The try-expression pairs naturally with the ? operator. Use try to enter Result-land and ? to propagate within it:

fn fetch_json(url) {
  let body = try { http_get(url) }
  let text = unwrap(body)?
  let data = try { json_parse(text) }
  return data
}

If a catch block follows try, it is parsed as the traditional try/catch statement – not a try-expression.

Runtime shape validation errors

When a function parameter has a structural type annotation (a shape like {name: string, age: int}), Harn validates the argument at runtime. If the argument is missing a required field or a field has the wrong type, a clear error is produced:

fn process(user: {name: string, age: int}) {
  println("${user.name} is ${user.age}")
}

process({name: "Alice"})
// Error: parameter 'user': missing field 'age' (int)

process({name: "Alice", age: "old"})
// Error: parameter 'user': field 'age' expected int, got string

Shape validation works with both plain dicts and struct instances. Extra fields beyond those listed in the shape are allowed (width subtyping).

This catches a common class of bugs where a dict is passed with missing or mistyped fields, giving you precise feedback about exactly which field is wrong.

Result type

The built-in Result enum provides an alternative to try/catch for representing success and failure as values. A Result is either Ok(value) or Err(error).

let ok = Ok(42)
let err = Err("something failed")

log(ok)   // Result.Ok(42)
log(err)  // Result.Err(something failed)

The shorthand constructors Ok(value) and Err(value) are equivalent to Result.Ok(value) and Result.Err(value).

Result helper functions

FunctionDescription
is_ok(r)Returns true if r is Result.Ok
is_err(r)Returns true if r is Result.Err
unwrap(r)Returns the Ok value, throws if r is Err
unwrap_or(r, default)Returns the Ok value, or default if r is Err
unwrap_err(r)Returns the Err value, throws if r is Ok
let r = Ok(42)
log(is_ok(r))           // true
log(is_err(r))          // false
log(unwrap(r))          // 42
log(unwrap_or(Err("x"), "default"))  // default

Pattern matching on Result

Result values can be destructured with match:

fn fetch_data(url) {
  // ... returns Ok(data) or Err(message)
}

match fetch_data("/api/users") {
  Result.Ok(data) -> { log("Got ${len(data)} users") }
  Result.Err(err) -> { log("Failed: ${err}") }
}

The ? operator

The postfix ? operator provides concise error propagation. Applied to a Result value, it unwraps Ok and returns the value, or immediately returns the Err from the enclosing function.

fn divide(a, b) {
  if b == 0 {
    return Err("division by zero")
  }
  return Ok(a / b)
}

fn compute(x) {
  let result = divide(x, 2)?   // unwraps Ok, or returns Err early
  return Ok(result + 10)
}

let r1 = compute(20)  // Result.Ok(20)
let r2 = compute(0)   // Result.Err(division by zero)

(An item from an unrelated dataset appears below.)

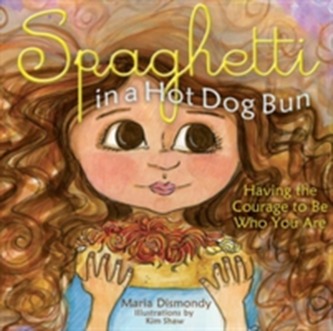 Spaghetti in a Hot Dog Bun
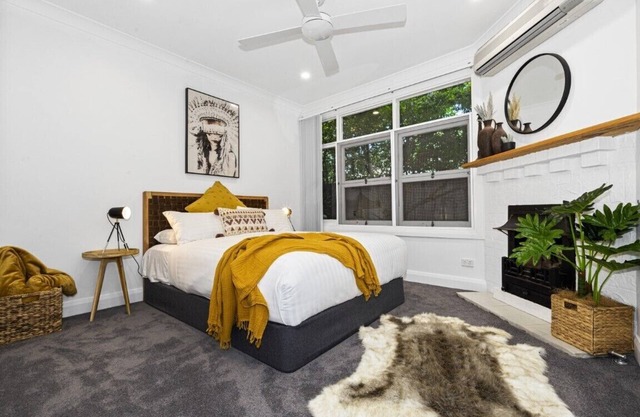 Newly Renovated Hunter Property-Spa & fireplace.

The ? operator has the same precedence as ., [], and (), so it chains naturally:

fn fetch_and_parse(url) {
  let response = http_get(url)?
  let data = json_parse(response)?
  return Ok(data)
}

Applying ? to a non-Result value produces a runtime type error.

Result vs. try/catch

Use Result and ? when errors are expected outcomes that callers should handle (validation failures, missing data, parse errors). Use try/catch for unexpected errors or when you want to recover from failures in-place without propagating them through return values.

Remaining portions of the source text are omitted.